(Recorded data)

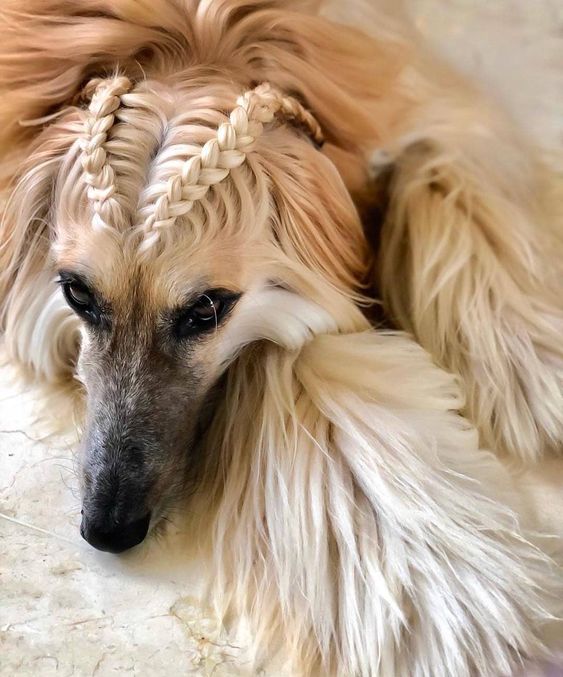 15 Interesting Hairstyles For Afghan Hounds PetPress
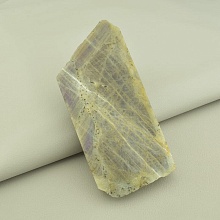 картинка Образец Лабрадор 130x65мм от магазина Wolves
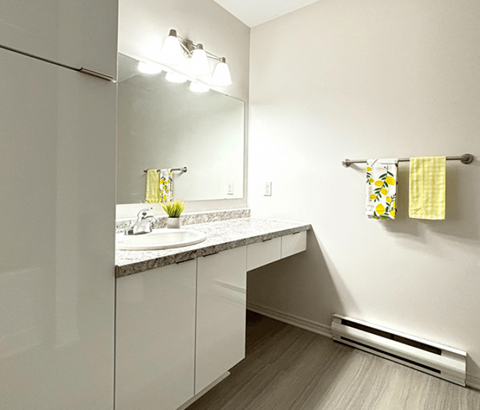 A bathroom with a sink and mirror.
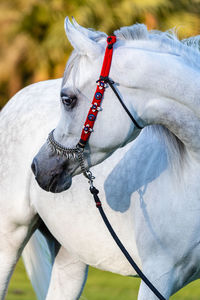 Horse standing on field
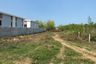 Land for sale in Wang Phong, Prachuap Khiri Khan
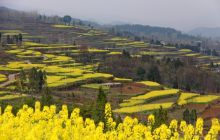 革命老区 油菜花香
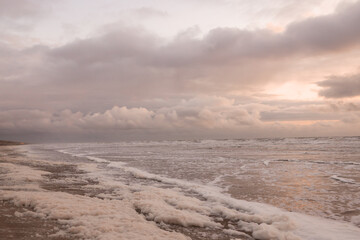 Sea foam along the surf line on the sandy shore of the North Sea at sunset on a windy evening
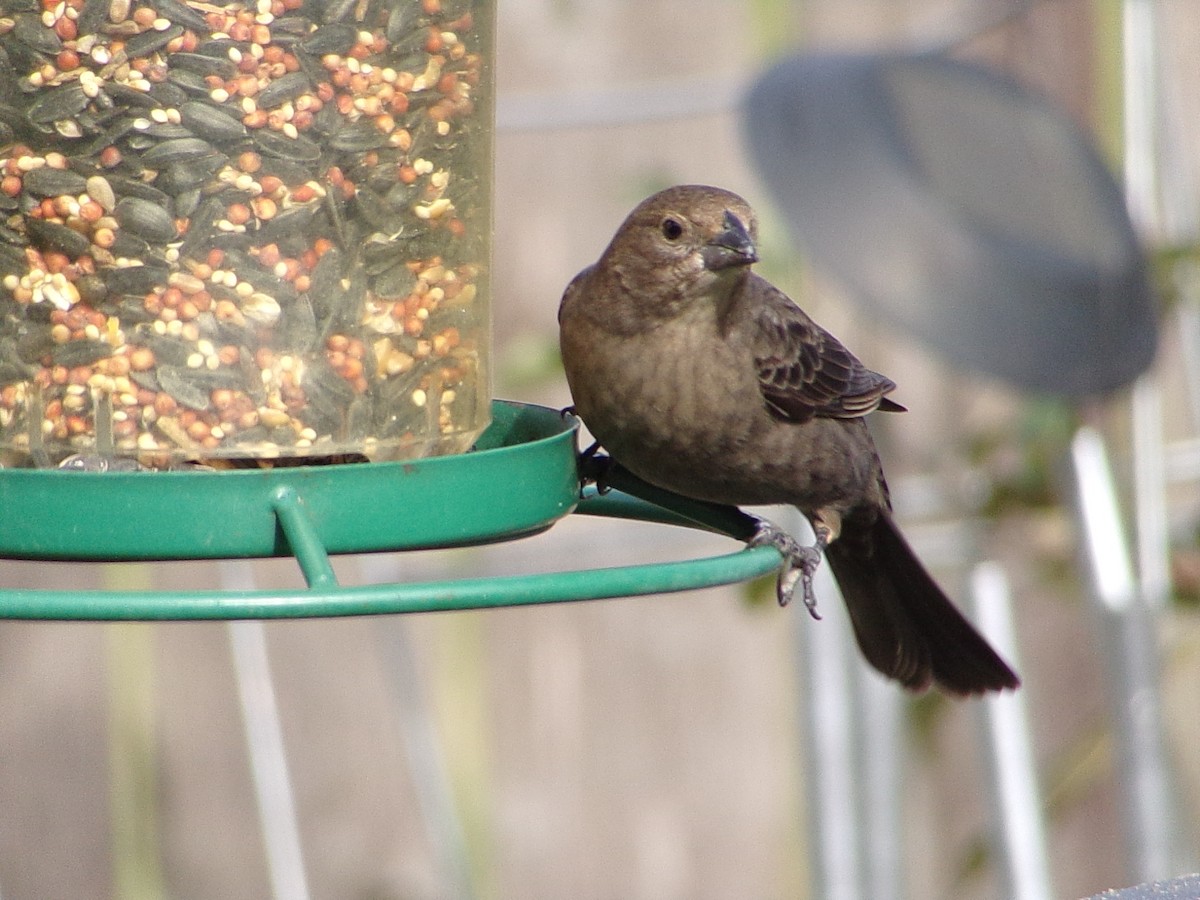 Brown-headed Cowbird - ML646593958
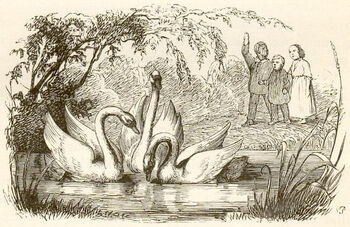 Duckling 03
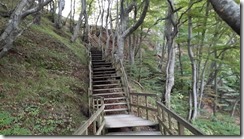 _Mons Klint Treppe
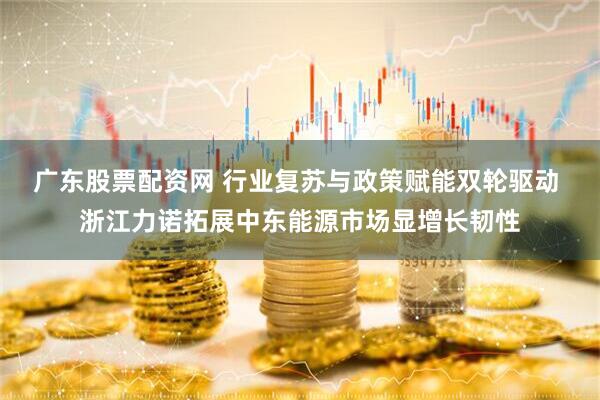 广东股票配资网 行业复苏与政策赋能双轮驱动 浙江力诺拓展中东能源市场显增长韧性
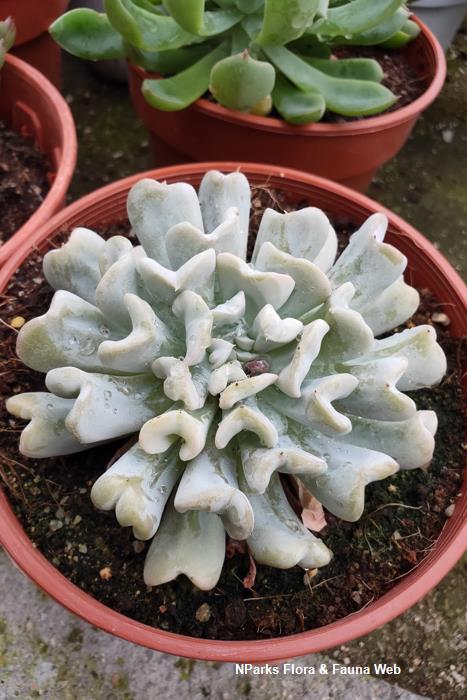 Echeveria_Topsy_Turvy_Pauline_Tay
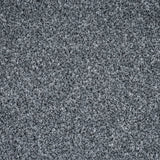 Misty Grey Stainfree Rustique Ultra Carpet by Abingdon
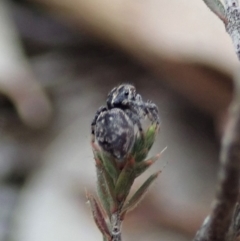 Maratus calcitrans at Aranda, ACT - suppressed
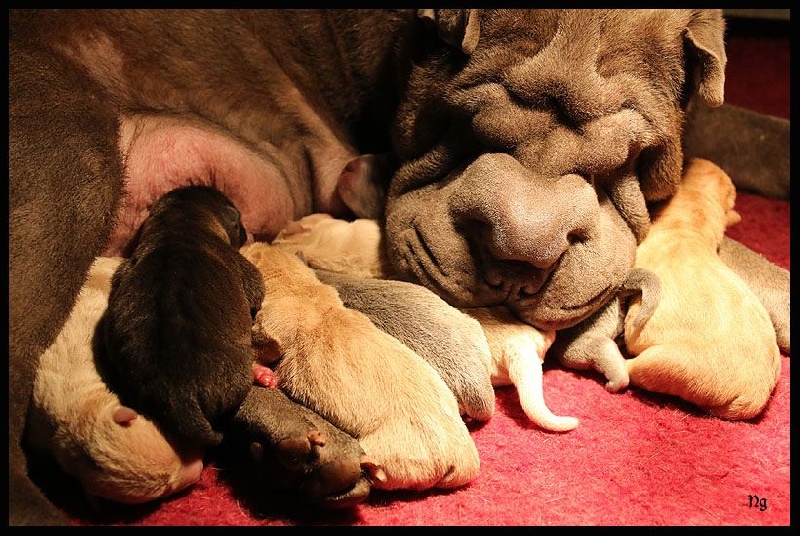 Chiot Shar Pei du Nuorilang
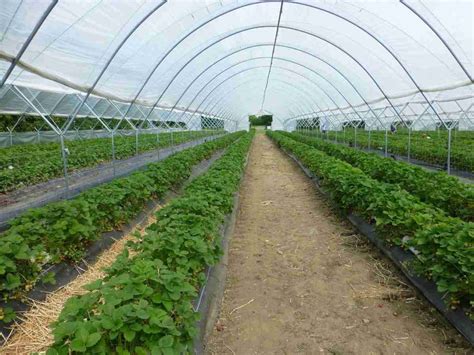 protected cultivation  vegetables flowers  fruits agri farming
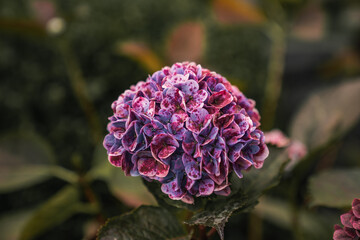 purple and yellow flower background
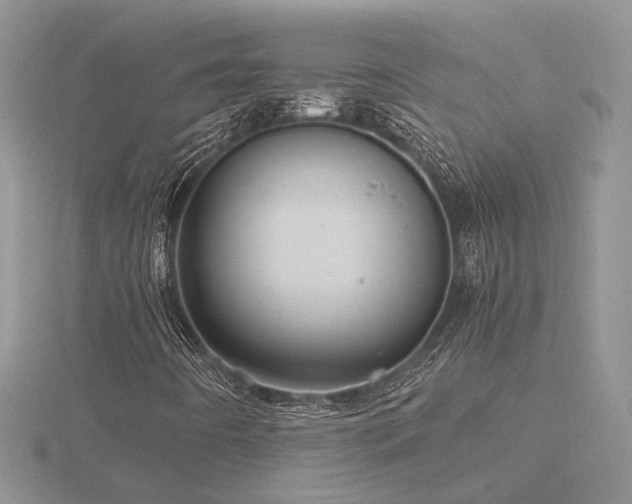 X0000116481442200912091350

TASK DESCRIPTION >>
Copy nothing but the lines from the start of the entries through the line with "Echeveria_Topsy_Turvy_Pauline_Tay". Write them out exactly, without pictures.

ANSWER TO THIS TASK >>
 15 Interesting Hairstyles For Afghan Hounds PetPress
 картинка Образец Лабрадор 130x65мм от магазина Wolves
 A bathroom with a sink and mirror.
 Horse standing on field
 Land for sale in Wang Phong, Prachuap Khiri Khan
 革命老区 油菜花香
 Sea foam along the surf line on the sandy shore of the North Sea at sunset on a windy evening
 Brown-headed Cowbird - ML646593958
 Duckling 03
 _Mons Klint Treppe
 广东股票配资网 行业复苏与政策赋能双轮驱动 浙江力诺拓展中东能源市场显增长韧性
 Echeveria_Topsy_Turvy_Pauline_Tay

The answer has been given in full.